Il primo angelo (vv. 15-16) ha il compito di emettere dal santuario celeste l'ordine della mietitura e il Figlio dell'uomo raccoglie la messe della terra: l'allusione agli ultimi tempi è chiara, ma questi sono intesi probabilmente, secondo il linguaggio evangelico, come realizzati nell'opera decisiva compiuta nella sua vita storica dal Messia Gesù, quando il tempo della maturazione è giunto a compimento (cfr. Mc 1,15).

Il secondo angelo (v. 17) viene solo presentato, perché agirà in seguito: per il momento svolge la funzione strutturale di completamento del terzetto.

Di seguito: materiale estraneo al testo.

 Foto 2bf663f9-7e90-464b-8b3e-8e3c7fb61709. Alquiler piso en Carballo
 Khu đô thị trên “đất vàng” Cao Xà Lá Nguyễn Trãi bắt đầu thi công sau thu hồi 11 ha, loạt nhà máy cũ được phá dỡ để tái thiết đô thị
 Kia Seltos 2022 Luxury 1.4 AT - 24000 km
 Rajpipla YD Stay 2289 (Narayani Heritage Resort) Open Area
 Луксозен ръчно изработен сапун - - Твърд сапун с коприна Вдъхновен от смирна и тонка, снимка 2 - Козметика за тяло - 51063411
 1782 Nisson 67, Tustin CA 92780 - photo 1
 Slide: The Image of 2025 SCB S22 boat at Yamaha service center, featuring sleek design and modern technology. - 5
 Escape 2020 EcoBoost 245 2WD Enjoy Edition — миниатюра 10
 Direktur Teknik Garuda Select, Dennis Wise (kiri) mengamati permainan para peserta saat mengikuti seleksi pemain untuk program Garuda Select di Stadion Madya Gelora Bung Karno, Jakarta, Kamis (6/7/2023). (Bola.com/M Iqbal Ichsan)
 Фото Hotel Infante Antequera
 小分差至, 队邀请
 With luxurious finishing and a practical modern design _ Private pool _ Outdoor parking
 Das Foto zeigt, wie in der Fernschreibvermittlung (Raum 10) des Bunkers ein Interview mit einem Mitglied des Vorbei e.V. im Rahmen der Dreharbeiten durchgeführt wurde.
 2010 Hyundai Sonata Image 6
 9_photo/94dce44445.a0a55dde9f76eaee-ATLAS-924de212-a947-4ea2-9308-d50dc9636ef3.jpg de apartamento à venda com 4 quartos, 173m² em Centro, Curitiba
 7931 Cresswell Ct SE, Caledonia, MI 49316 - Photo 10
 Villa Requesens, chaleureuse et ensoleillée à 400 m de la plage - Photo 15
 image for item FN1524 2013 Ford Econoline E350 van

Il terzo angelo (vv. 18-20) è connesso con l'altare dei sacrifici e porta l'ordine della vendemmia, incaricando il secondo angelo di questa operazione. Ma l'immagine non si ferma qui: come per la mietitura, si procede con l'operazione seguente, cioè la pigiatura dell'uva nel torchio. Con allusione ai testi di Gen 49,11 e Is 63,1-6 l'autore evoca una scena potente ed enigmatica; vi si riconosce l'intervento divino che pesta e distrugge i nemici, ma la spiegazione migliore non sembra quella letterale-escatologica. Non è detto chi viene pigiato, né di chi sia il sangue. Ma l'immagine di un Messia violento non appartiene all'insegnamento esplicito del libro, mentre è tipica quella della vittima che redime con il proprio sangue: mostrando immolato proprio l'Agnello condottiero e guerriero, l'autore assume e ribalta l'attesa di un messianismo violento contro gli avversari. Inoltre, la medesima metafora ritornerà in 19,13.15, a proposito della «parola di Dio» e applicata alla morte di Cristo. È quindi giustificabile vedere, anche in questo contesto, un riferimento alla passione di Gesù: nel torchio dell'ira, non ha pestato i nemici, ma è stato egli stesso schiacciato, come vittima del male che ha corrotto l'umanità: al di fuori della città di Gerusalemme è stata consumata la sua morte con valore sacrificale, come sottolinea teologicamente la lettera agli Ebrei (cfr. Eb 13,10-15). La novità del teologo cristiano, che rilegge le antiche immagini profetiche, sta proprio qui: invece della distruzione dei nemici viene presentato l'intervento giudiziale di Dio che versa il proprio sangue in favore dei suoi nemici. Il suo sangue è un nuovo Mar Rosso che ferma la cavalleria infernale (cfr. Ap 9.16-19) ed estende i propri effetti salvifici all'estremità della terra.